# No UEFI entry after FreeBSD install with refind



## paracoder (Aug 29, 2018)

Good day everyone!

I apologize if this appears as a redundant post, but I haven't been able to find a solution to the issue from my searches online, so I'm hoping I can get some help here!

I installed FreeBSD on my Lenovo y700-15ISK with Win10 in UEFI without secure boot using the following guide:

http://kev009.com/wp/2016/07/freebsd-uefi-root-on-zfs-and-windows-dual-boot/

I didn't have any issues, and the only thing I left out of the install was the swap setup as I don't really need it for this.

However, for some reason the UEFI loader refind was installed yet does not even appear as an option in the UEFI boot menu (the only thing there is EFI PXE boot and the Windows Boot manager). 

This does not make sense to me as I have verified that the EFI partition does contain all three .efi files: refind's binary as bootx64.efi, and the others named as Win10.efi / FreeBSD.efi. 

Secure boot is disabled, the entries were put into refind's config file, and yet I still see no option to boot into FreeBSD.

This is rather frustrating as I am needing to get a clean (and stable) development platform up and running as soon as I can. Windows10 is driving me nuts and due to a change in development type.. I need to know I have a base system that is stable beyond reason.. hence: FreeBSD.

If anyone could shed some light on this issue, I'd appreciate it!

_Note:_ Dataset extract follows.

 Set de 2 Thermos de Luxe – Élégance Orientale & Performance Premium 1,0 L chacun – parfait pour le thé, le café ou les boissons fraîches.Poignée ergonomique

As a note: the battery is builtin and I currently lack the tools to disconnect it. I drained the battery down on purpose and bled the thing for 5 minutes to make sure the fans expelled it all in case some form of RAM or NVRAM was storing UEFI parameters.. but it changed nothing.

Gratitude in advance!


----------



## paracoder (Aug 29, 2018)

Fixed this with the EasyUEFI utility from "Hasleo". Lets you load in the other efi for testing then make it permanent. 

Please close.


----------